From Indigenous Peoples in Brazil
News
Amazônia é fundamental na estabilidade do clima do planeta. Mas quem decide o futuro da região?
17/07/2025
Autor: COSLOVSKY, Salo
Fonte: OESP - https://www.estadao.com.br/
Amazônia é fundamental na estabilidade do clima do planeta. Mas quem decide o futuro da região?
Em última instância, o destino da floresta será definido pelas pessoas que vivem, trabalham e votam ali
17/07/2025
Salo Coslovsky
Professor da Universidade de Nova York e pesquisador do Amazônia 2030
O ambientalismo brasileiro, carente de estruturas e instrumentos modernos de fomento econômico, está afastando as pessoas que deveria conquistar.
A floresta amazônica cumpre papel central na estabilidade do clima planetário e, por isso, muita gente, tanto no Brasil como no exterior, tem interesse em influenciar seu destino. É compreensível, mas em última instância, e independente do que qualquer um possa dizer ou fazer, o futuro da floresta será definido pelas pessoas que vivem, trabalham e votam na região.
Essa afirmação parece óbvia, mas ela constitui um desafio tão grande que muitos insistem em ignorá-la. Continuam acreditando que um grande aporte de capital combinado com alguns ajustes no mercado de carbono, geridos a partir de São Paulo, Brasília ou Bruxelas, convencerão os desmatadores a trocar sua motosserra pela produção de mudas e a coleta de sementes.
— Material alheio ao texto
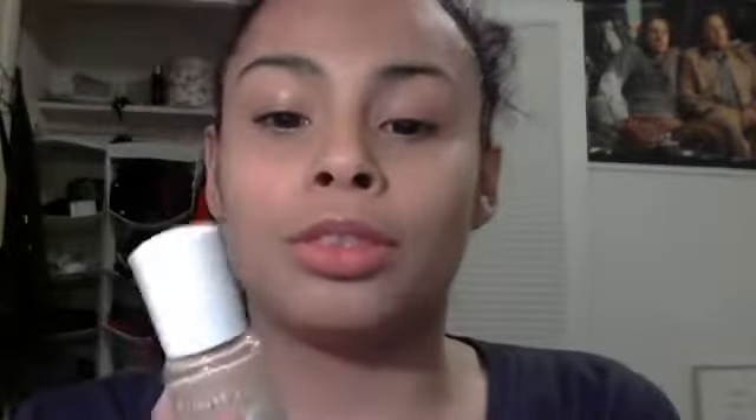The Clean Finish Foundation — I do love this foundation, don't get me wrong, I like it.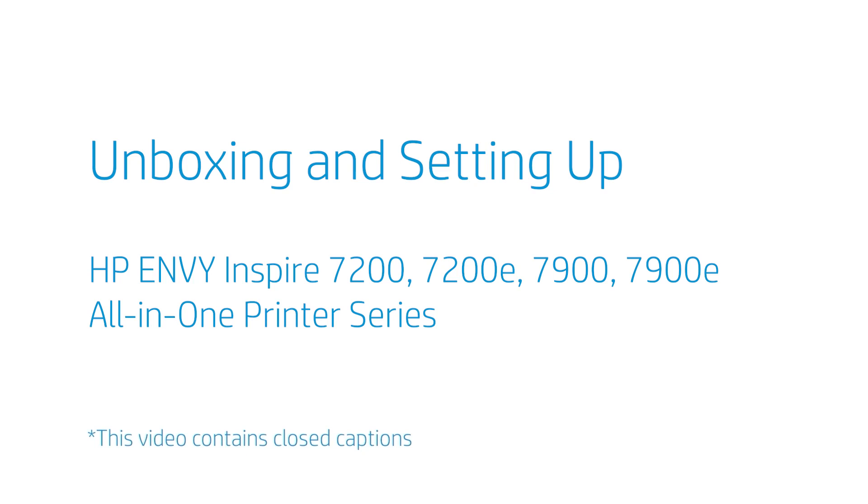Unboxing and setting up the HP Envy Inspire 7200, 7200E, 7900, 7900E All-in-One Printer Series.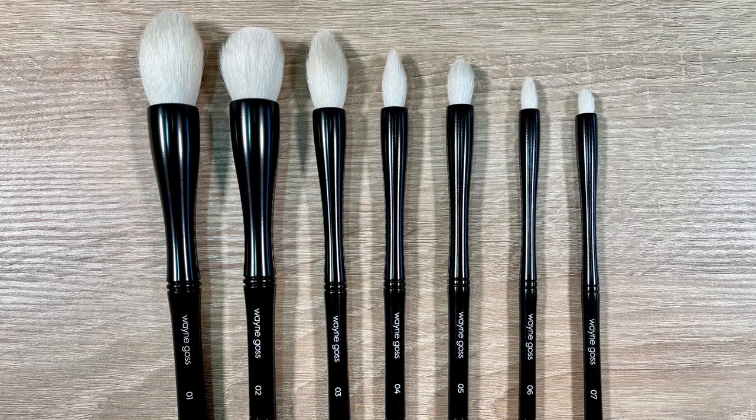These are multi-purpose — I was able to go back and forth from creams to powders and back to creams. There was a lot of work put into these. The seven brushes include number one, which you can use for powder, bronzer, blush, or highlight; number two for foundation, blush, or contouring; number three for powder or highlight; and brushes four through seven for highlighting, concealer, and the eyes.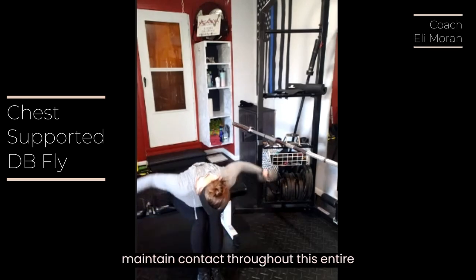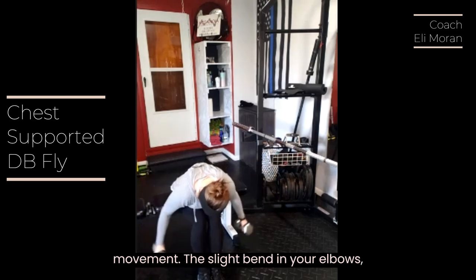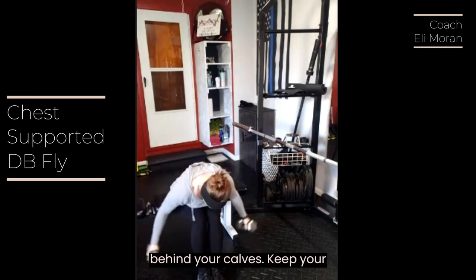Do your best to maintain contact throughout this entire movement. With a slight bend in your elbows, your arms will be by your sides and dumbbells will hang slightly behind your calves.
Talvez uma comparação com futebol ajude a convencer os recalcitrantes. A qualidade da equipe técnica, o vigor da torcida e a generosidade dos patrocinadores fazem alguma diferença, mas o jogo se ganha no campo, com base no empenho e talento dos 11 jogadores.
Mantendo essa analogia, se as eleições representam o placar, o ambientalismo brasileiro está perdendo de goleada, especialmente na região onde o jogo vale o campeonato. Um levantamento do Infoamazônia revelou que 90% dos prefeitos eleitos na Amazônia em 2024 pertencem a partidos contrários à pauta ambiental.
O mesmo levantamento mostrou que apenas 1% das Câmaras Municipais da região elegeram uma bancada ambiental. O próprio Plínio Valério, senador pelo Amazonas, exemplifica essa dinâmica quando esclarece que os insultos que dirigiu à ministra Marina Silva não foram grosserias gratuitas. No fundo, eles tinham lógica eleitoral: "Se eu pedir desculpas(...), não entro em casa, minha mulher me bota pra fora. E não me elejo nem vereador".
Apesar desse cenário desfavorável, proliferam os anúncios, cada vez mais frequentes, de novos fundos bilionários, públicos e privados, prometendo transformar a economia da região. Infelizmente, uma boa parcela desse dinheiro não existe. São uma declaração de intenções ou mero teatro para agradar a plateia. Outra parcela dos recursos anunciados é real, mas ainda assim arrecadar é a parte fácil. O difícil é gastar bem, de forma a engajar aqueles que estão dentro do campo, com capacidade de marcar gol.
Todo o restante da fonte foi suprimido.